Originally published Friday, December 9, 2005 at 12:00 AM
Book Review
"Mencken": Exploring more aspects of American original's life
When the "Sage of Baltimore" wanted to condemn a presidential speech as the worst English he had ever encountered, he wrote, "It reminds me...
Special to The Seattle Times
"Mencken: The American Iconoclast"
by Marion Elizabeth Rodgers
Oxford University Press,
662 pp., $35
When the "Sage of Baltimore" wanted to condemn a presidential speech as the worst English he had ever encountered, he wrote, "It reminds me of a string of wet sponges; it reminds me of tattered washing on the line; it reminds me of stale bean soup, of college yells, of dogs barking idiotically through endless nights. It is so bad that a sort of grandeur creeps into it."

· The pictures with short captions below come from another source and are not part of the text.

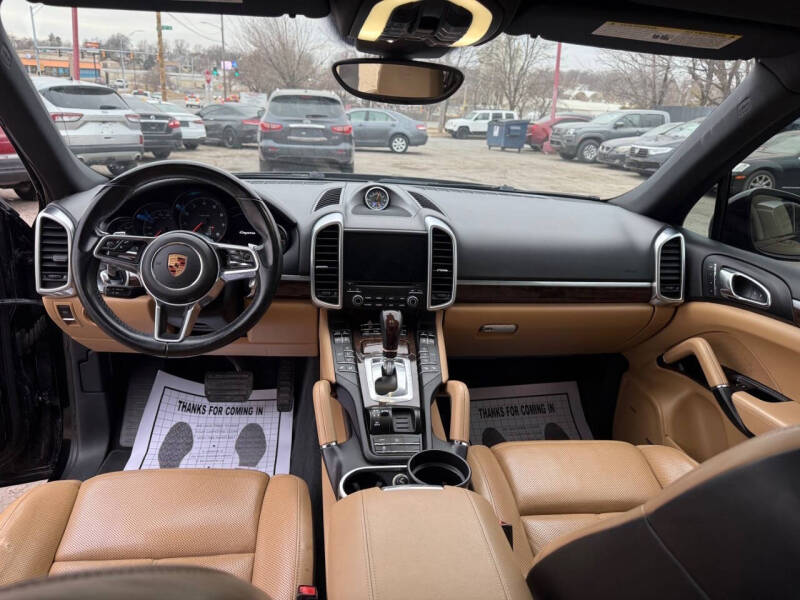 2018 Porsche Cayenne Platinum Edition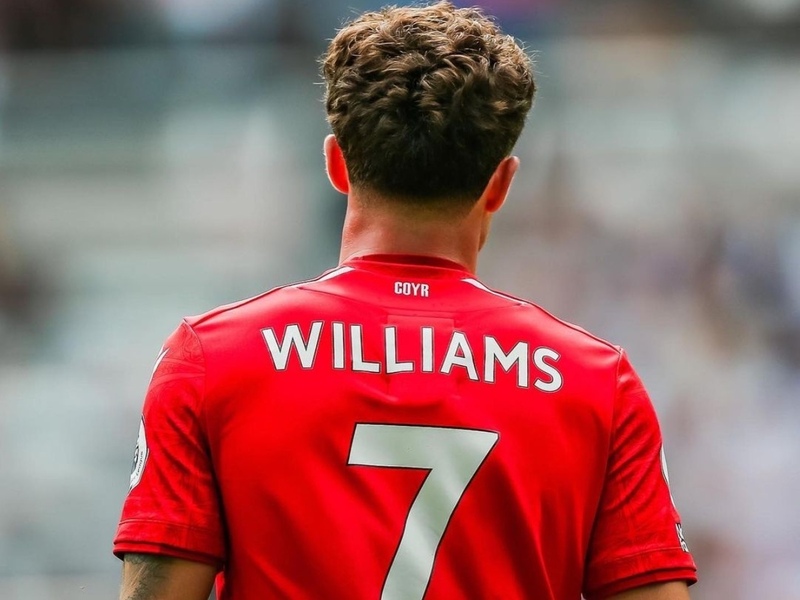 Neco Williams - Từ Wrexham Đến Đỉnh Cao Bóng Đá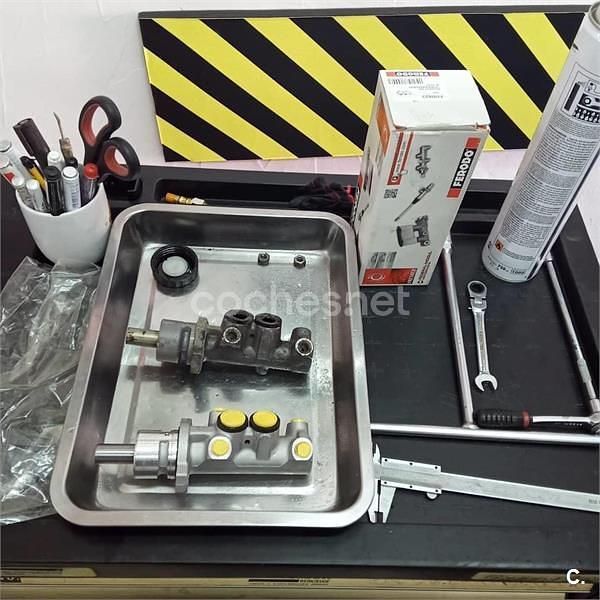 Usado Citroën Saxo 120 CV (88 kW) 2001 Azul Utilitario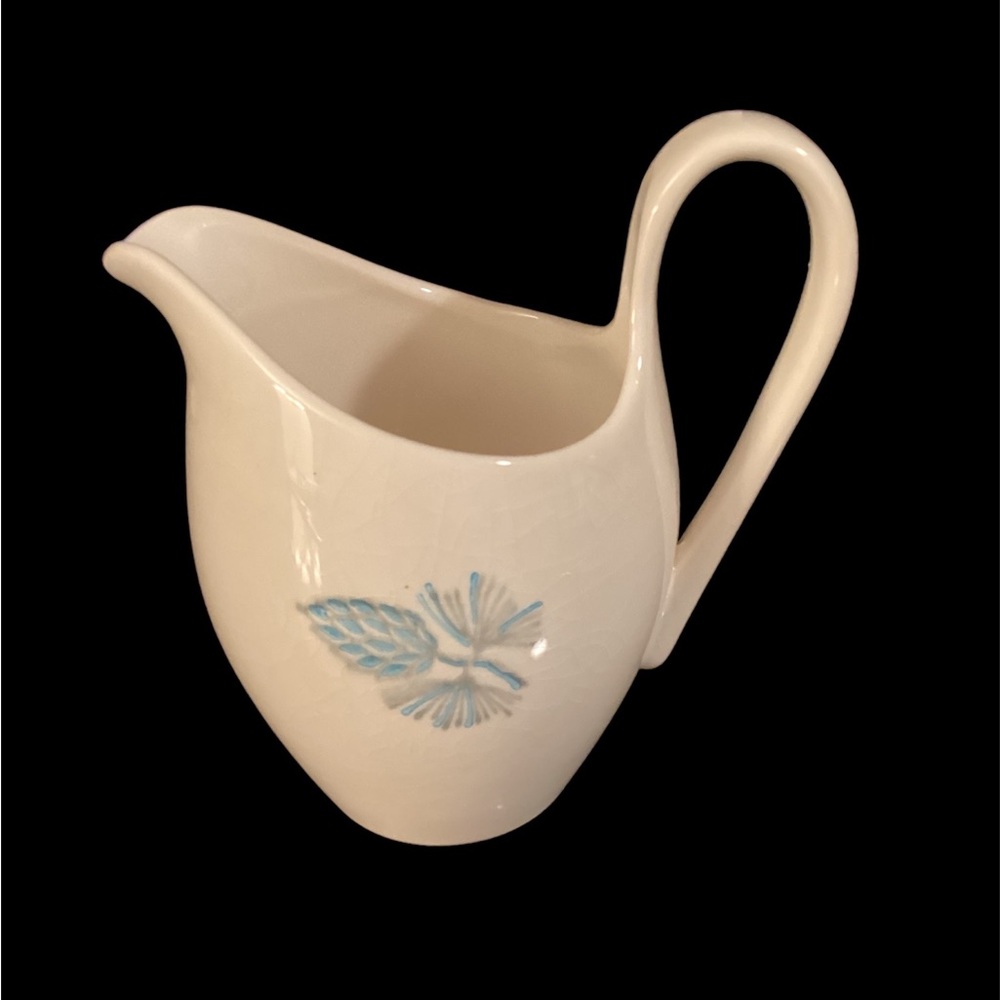 MCM Stetson Marcrest Blue Pinecone Ceramic Creamer
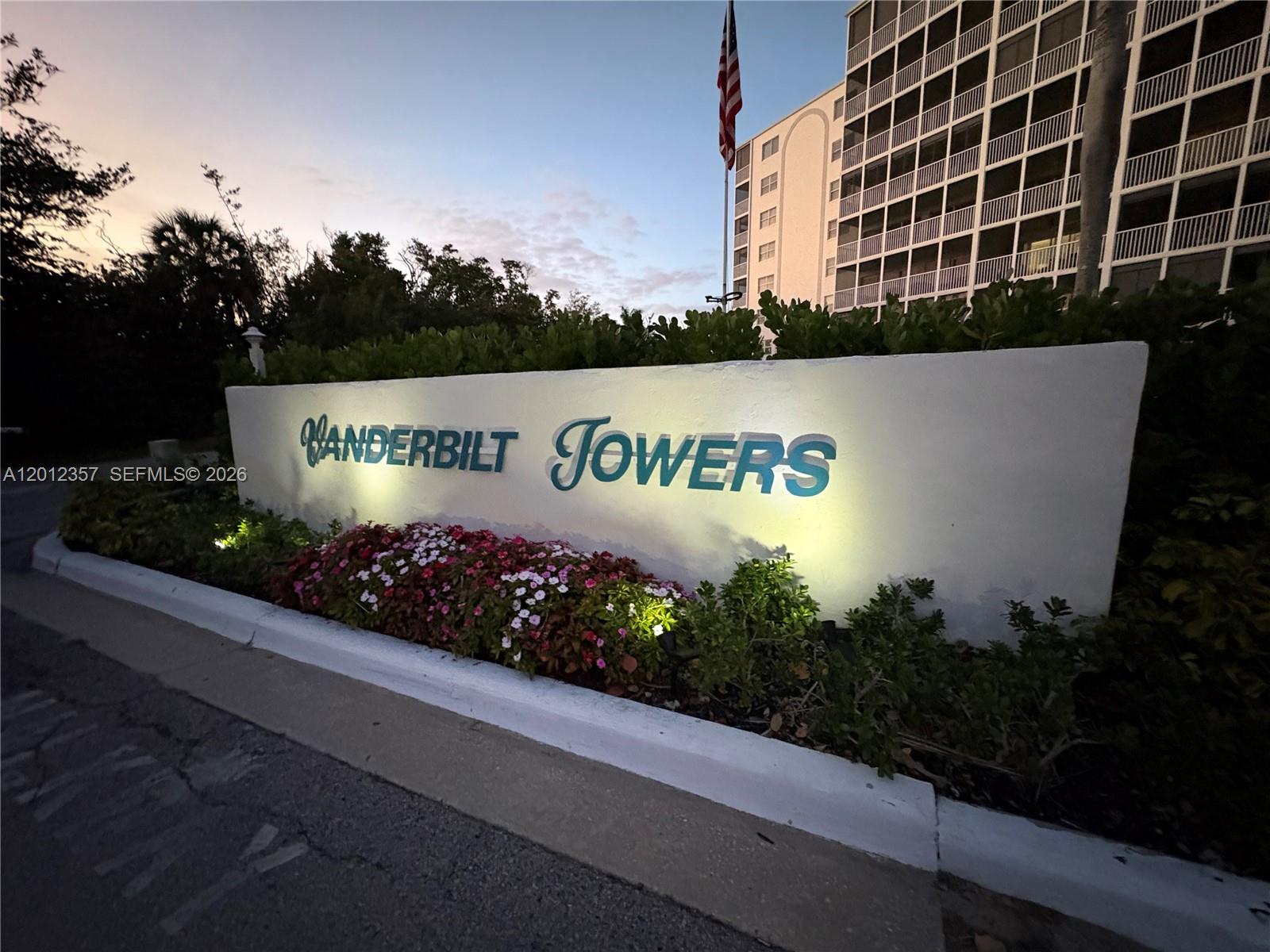 VANDERBILT TOWER3 - Residential Lease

The hapless president was Warren G. Harding; the writer was H.L. Mencken (1880-1956), a stylist and iconoclast of early-20th-century American journalism.

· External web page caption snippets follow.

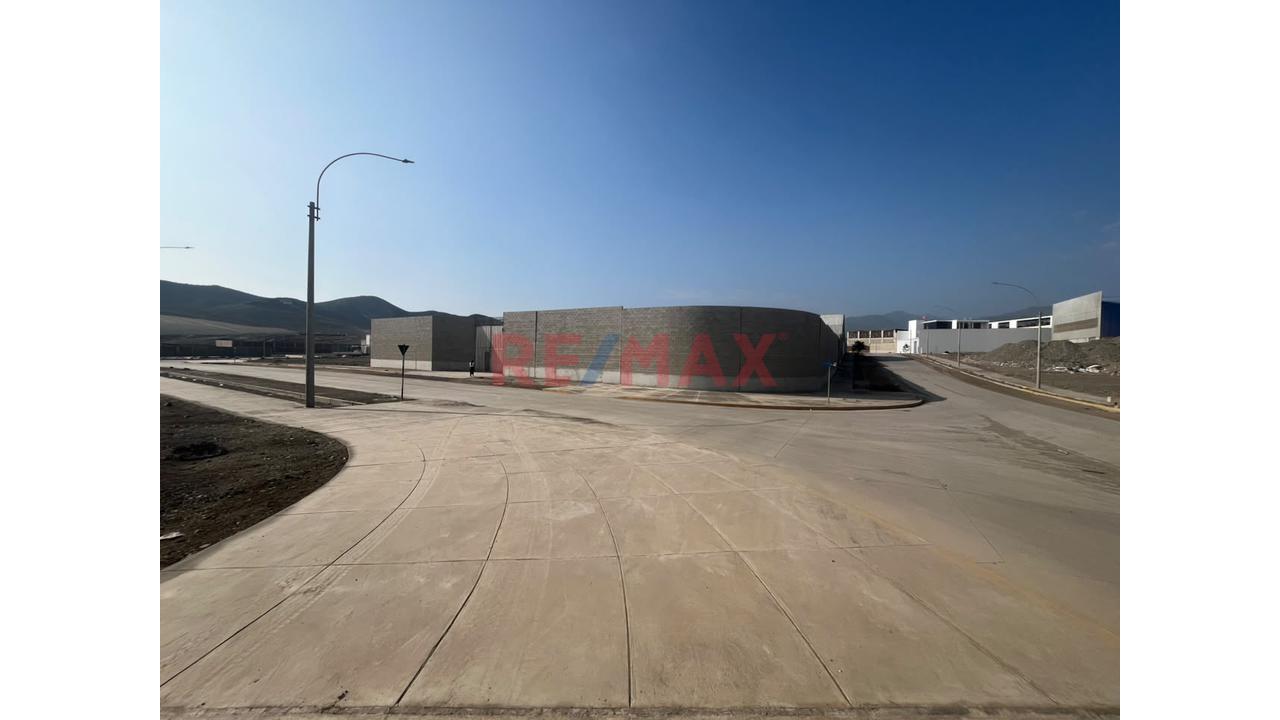 Venta De Terreno Industrial 2,366 M² En Macrópolis | Lurín - Zonificación I2 / I3 | Cercado, Con Frente E Infraestructura Integrada — foto 2
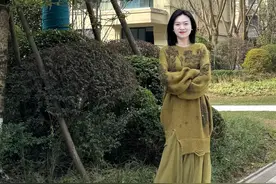 开年就火了的咸菜绿毛衣+纱裙，果然挺好看的！图片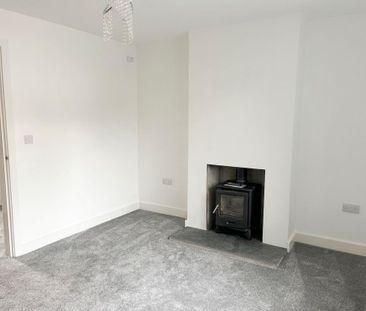 4 bedroom semi-detached house to rent - Photo 1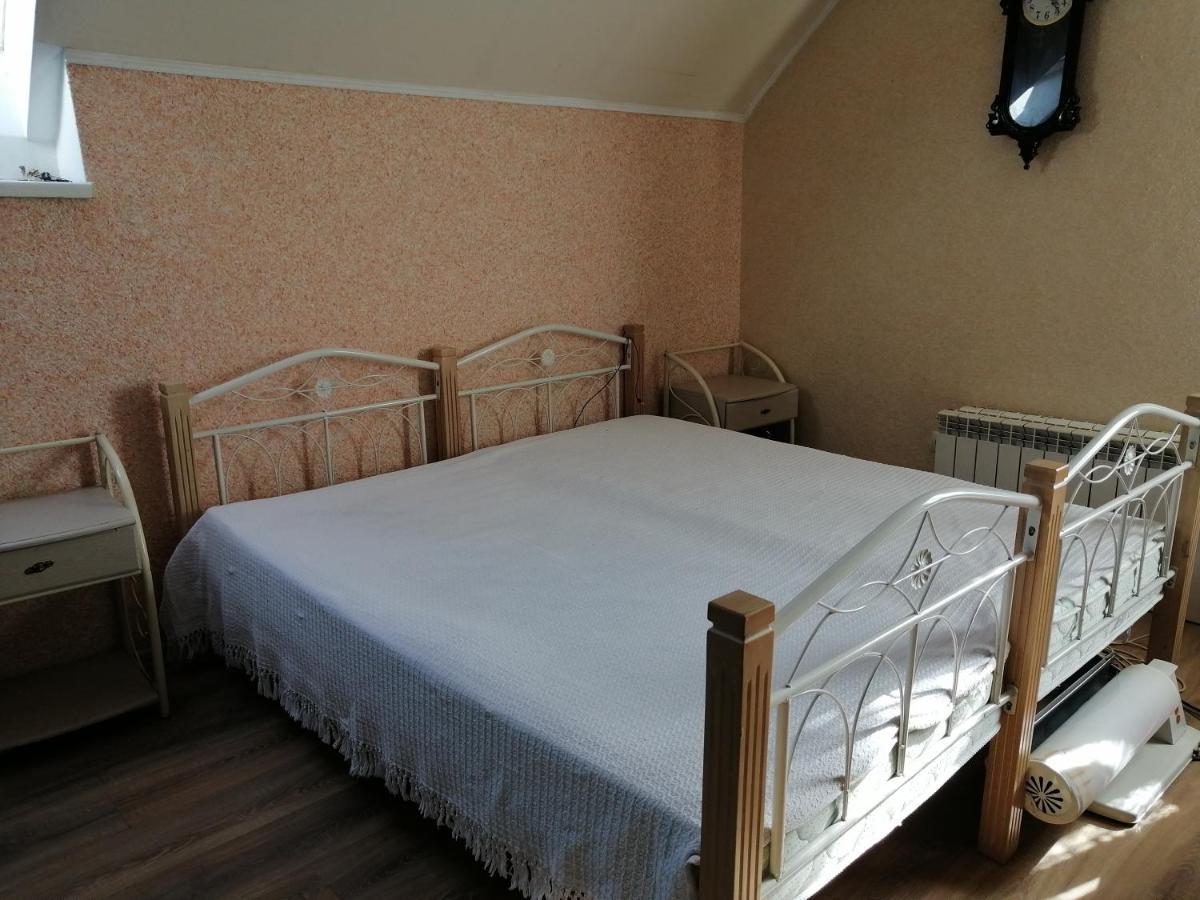Freedom Hostel Oezjhorod Buitenkant foto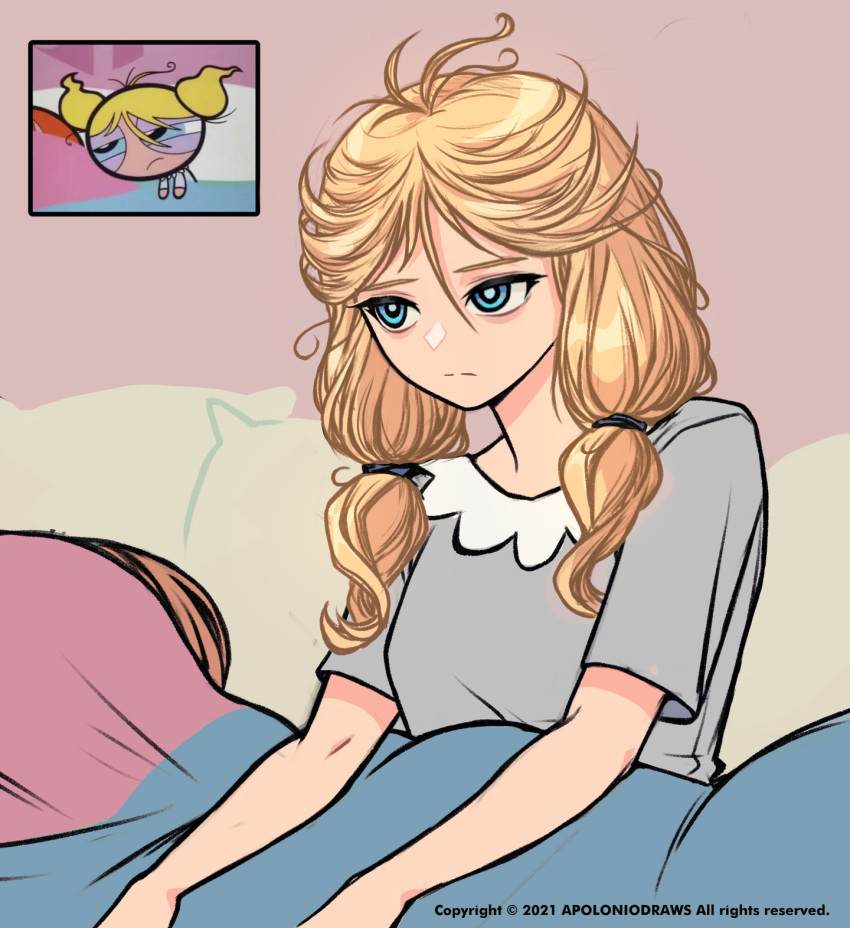 :/ ahoge apoloniodraws bags_under_eyes blonde_hair blue_eyes blue_pajamas bubbles_(ppg) highres looking_to_the_side messy_hair pajamas powerpuff_girls twintails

The last biography of Mencken — there are half a dozen — was "The Skeptic" (2002) by Terry Teachout. That was a sprightly written and engaging account that focused on Mencken's writing and ideas but found some fault with him.
Marion Elizabeth Rodgers' "Mencken" is written in a simpler style, but it is a fine piece of work and does not argue with its subject. It is twice as long as Teachout's book and uses the extra space to explore more aspects of his life. For example, in the 1930s Mencken famously refused to condemn Adolf Hitler in any language harsher than he piled on Franklin Roosevelt. Mencken, the hater of propaganda and crusades, including the New Deal, also refused to endorse World War II, commenting on Allied sins, including the "intolerably barbaric use of the atom bomb."
Teachout could not accept that anyone could have honorably doubted the necessity of American entry into World War II. In contrast, Rodgers explains why Mencken thought as he did: his experience of World War I. She recounts his trip to Imperial Germany in 1917, his personal knowledge of Allied news falsification and "official balderdash," and his loss of writing outlets in the shutdown of free speech. She cites public accusations that Mencken, a German-American, was an agent of the German Kaiser.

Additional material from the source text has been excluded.